The bench of judges D Y Chandrachud and A A Sayed on Tuesday said RIL should be given a chance to present its version, as the disclosures in question pertain to the company. “We may accept their case or reject it. Everybody has to be given a chance,” said Chandrachud on Tuesday, while posting the matter to December 19.
|THE INSIDE JOB|
Arun Agrawal, appearing in person, argued there was no need to hear RIL. “If it is a bank, income tax department or lawyer, there is a fiduciary relationship. But there cannot be a fiduciary relationship between a regulator and a violator,” he said.
The court on Tuesday asked the Sebi counsel why the regulator should have any problem in disclosing the information on the basis of which it had come out with a consent circular.
“He (Arun Agrawal) wants disclosure on the underlying process. What is the harm in disclosing the file notings? Ultimately, you have issued that circular. It is not something that is confidential. You have a file relating to that circular. Give him that file,” said Chandrachud.
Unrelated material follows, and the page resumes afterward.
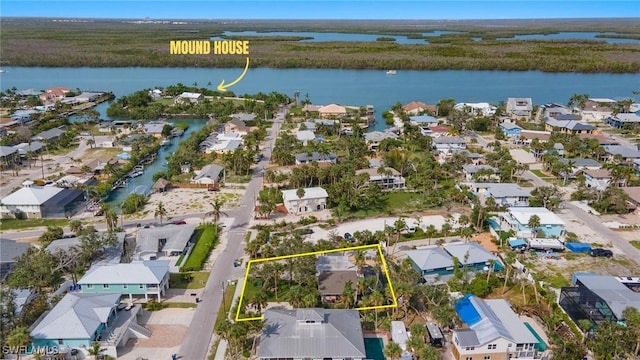 birds eye view of property featuring a residential view and a water view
The court directed the counsel to take instructions from the regulator on whether it could disclose the file notings and the underlying process of the consent route circular.
The counsel, Jamshed Cama, argued that information regarding a commercial confidence or trade secrets cannot be given unless the CIC proved it would be in the public interest to do so.
“Prima facie, CIC could be satisfied that this is in the public interest. But the question is, is it merely enough to say that? He should demonstrate in his order as to how it is in the public interest,” said Cama.
In reply, Agrawal said such disclosures would keep the general public informed and educated about the risks they confront while investing in the market. “Even with the most hardened criminal, his face is covered but his name is made public,” he said.
Agrawal questioned Sebi’s rationale behind settling a Rs 500-crore insider trading case with a consent order of just Rs 10 crore. “If a Rs 500-crore case is settled for Rs 10 crore, then every party who violates rules will ask why should I not be given the privilege of giving 10 per cent of the loot and get exonerated,” he argued.
When Chandrachud asked the status of the case, the Sebi counsel said the investigation report was complete and it had to be considered by a Sebi wholetime member. “The next step would be prosecution or penalty,” said Cama.